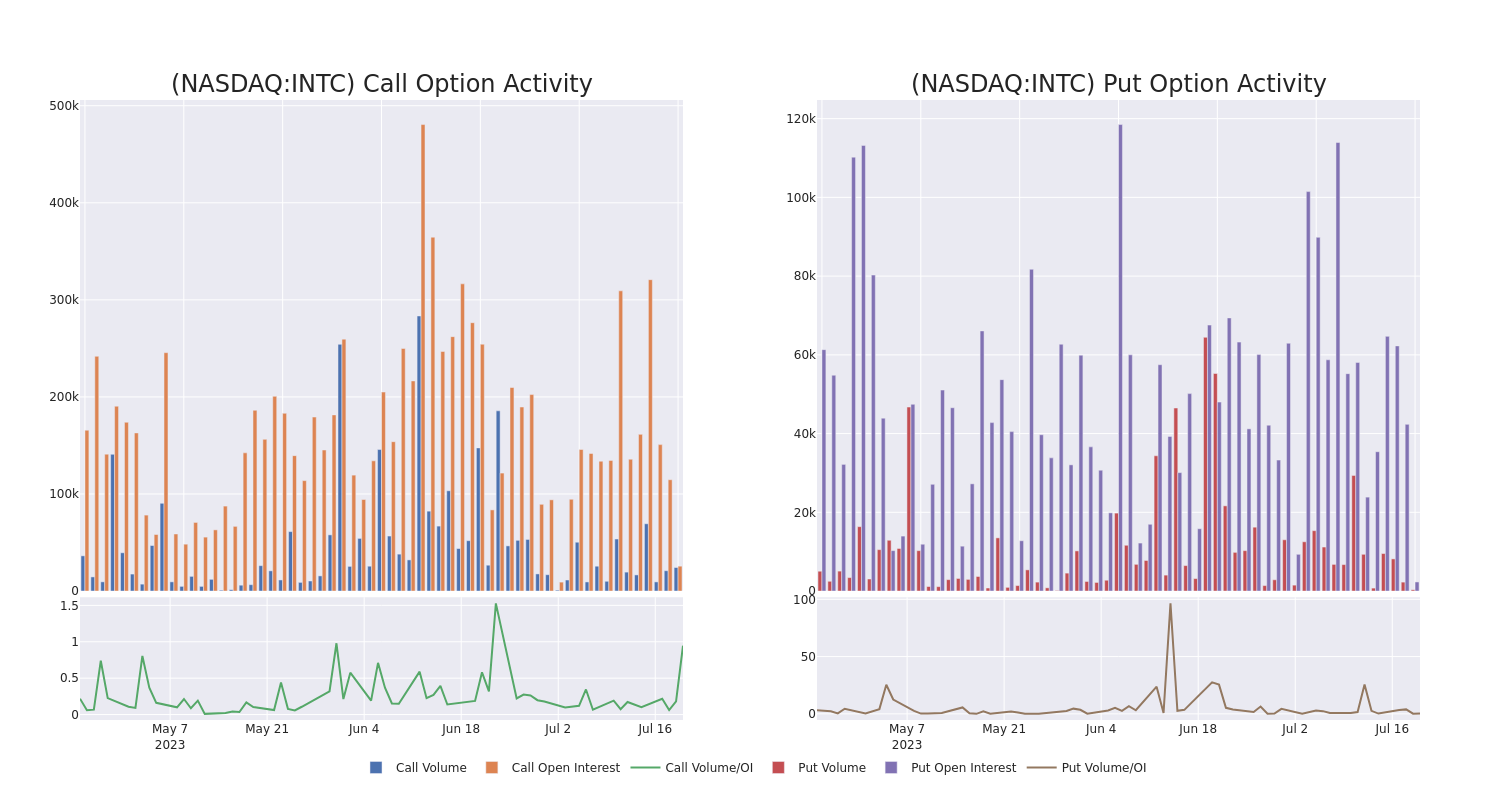 Options Call Chart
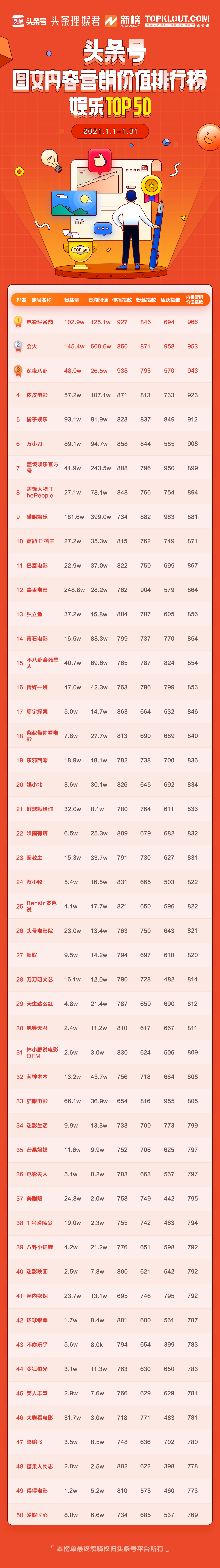 1月头条号图文内容营销价值排行榜公布，102位作者首次上榜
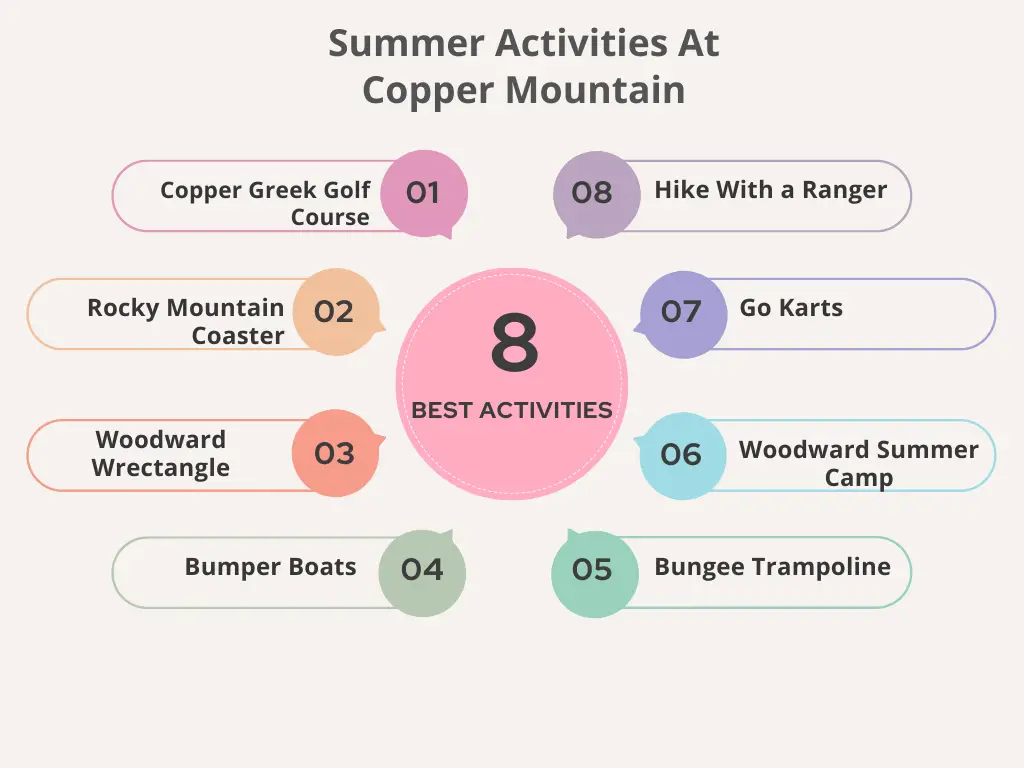 Copper Mountain_Summer Activities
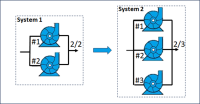 Evaluating Equipment Redundancy using RAM Models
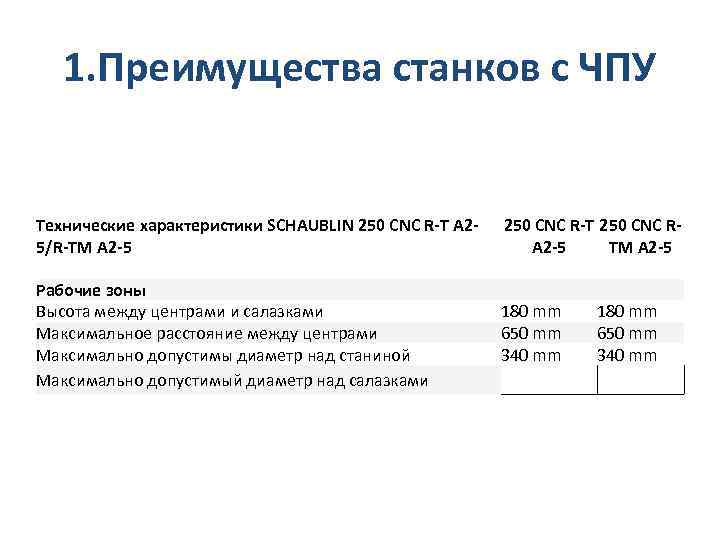 1. Преимущества станков с ЧПУ Технические характеристики SCHAUBLIN 250 CNC R-T A 25/R-TM A
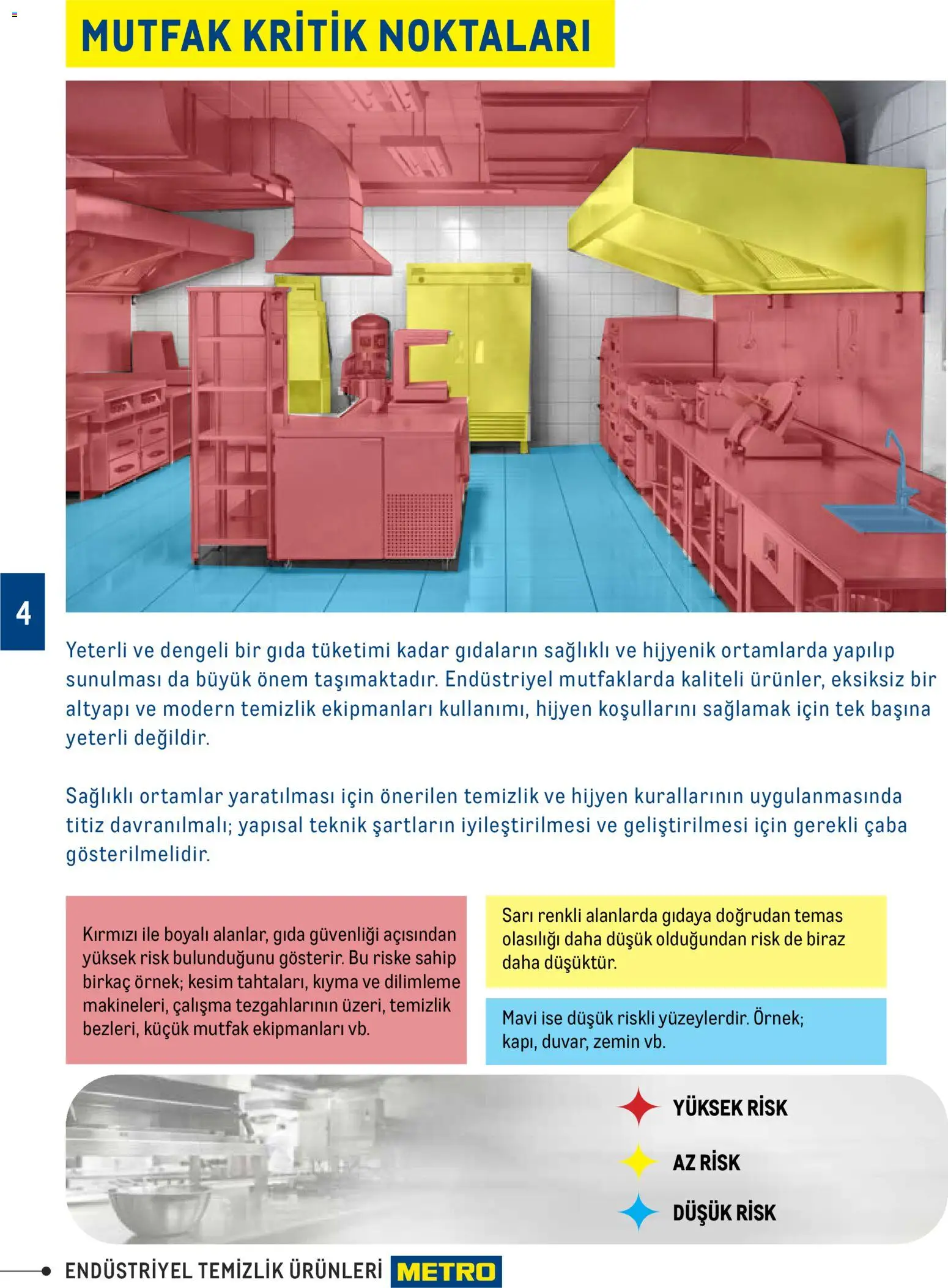 Metro Endüstriyel Temizlik Ürünleri - 14 Ekim 2026 tarihinden itibaren geçerlidir | Sayfa: 4 | Ürünler: Kıyma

________________________________________

**Task goal:**
Return only the lines from the line containing "Copper Mountain_Summer Activities" through the last line of the records above, both ends included, exactly as written, leaving pictures out.

**Exercise response:**
 Copper Mountain_Summer Activities
 Evaluating Equipment Redundancy using RAM Models
 1. Преимущества станков с ЧПУ Технические характеристики SCHAUBLIN 250 CNC R-T A 25/R-TM A
 Metro Endüstriyel Temizlik Ürünleri - 14 Ekim 2026 tarihinden itibaren geçerlidir | Sayfa: 4 | Ürünler: Kıyma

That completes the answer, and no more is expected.